Jonah Goldberg is a Never Trumper and, as such, spends a great deal of his time scrutinizing the right, Trump supporters, Trump, and anything that will affirm his never Trumpism. So when he pens something positive about a Trump move, I take notice.
Of course in many cases, what Trump does is govern based on reality in a world, or a least a dying civilization, that has gotten used to calling it like it ain't. Let's face it, Obama was a bad president. He accomplished nothing except one legislation that was two hits and two misses at best. Mostly he governed according to the way he wanted things to be, rather than the way they were, letting Congress take the hard hits while relying on the press's willingness to entertain the charge of racism against anyone who questioned the president or his policies.
It was like the Clinton years, but worse, because you didn't have the injection of race into every conversion and debate for eight years under Clinton. Also, because many of the faux realities clung to by the Left were showing themselves to be glaringly flawed, the drive to cover reality in lies and falsehoods became more flagrant. And the more flagrant it became, the more used to seeing reality as unreality we got.
So when Trump made a symbolic statement that said squares are, in fact, square, and did was was true and legislated on the reality of the situation in the Middle East (what peace process?), the world went bat nuts. Trump dared to say the emperor is naked, and it's time we buy him some clothes.

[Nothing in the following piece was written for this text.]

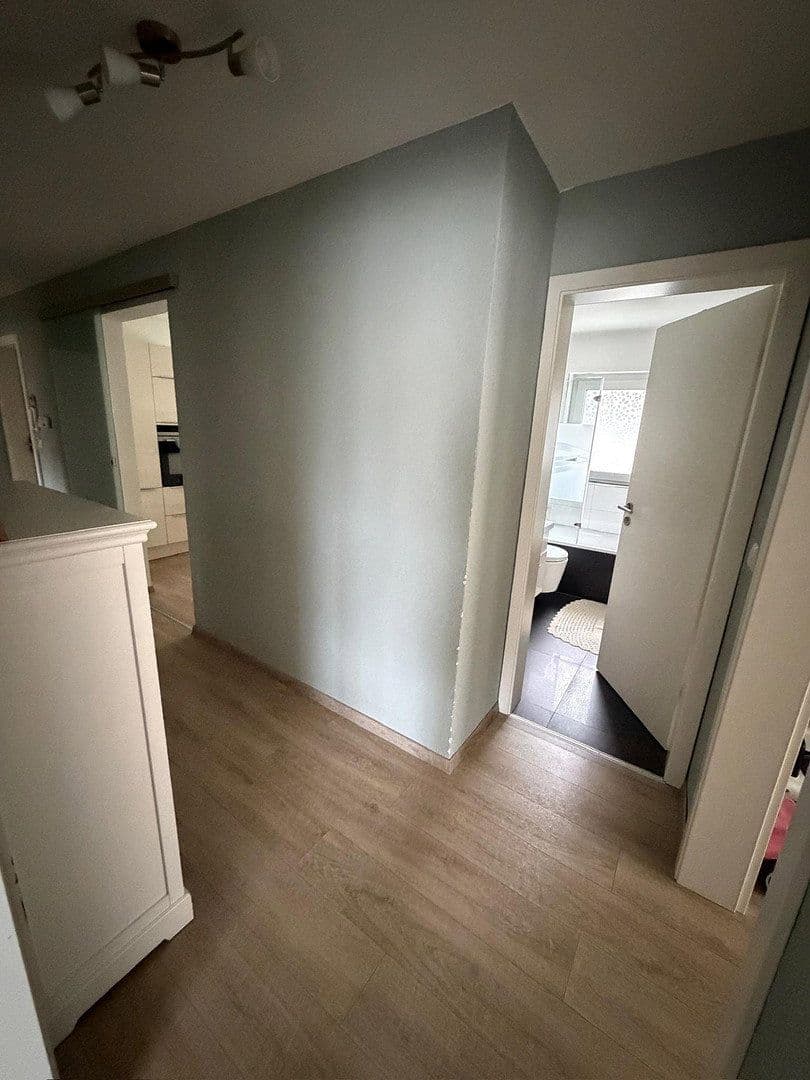 Pronájem bytu 4+kk 100 m², Leinfelden-Echterdingen, Bádensko-Württembersko Pronájem bytu 4+kk 100 m², Leinfelden-Echterdingen, Bádensko-Württembersko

Unfortunately, much of the Western world has become content declaring the naked emperor's clothes to be the latest fashion. This has been helped by other countries, non-Western countries, that might actually have ulterior motives that encourages them to support a false reality based on lies and fantasy. How doggedly the dying West clings to old lies remains to be seen. So many progressive ideals have failed so miserably when put into practice, lies (and accusations) are about all the Left has with which to defend itself. We'll see.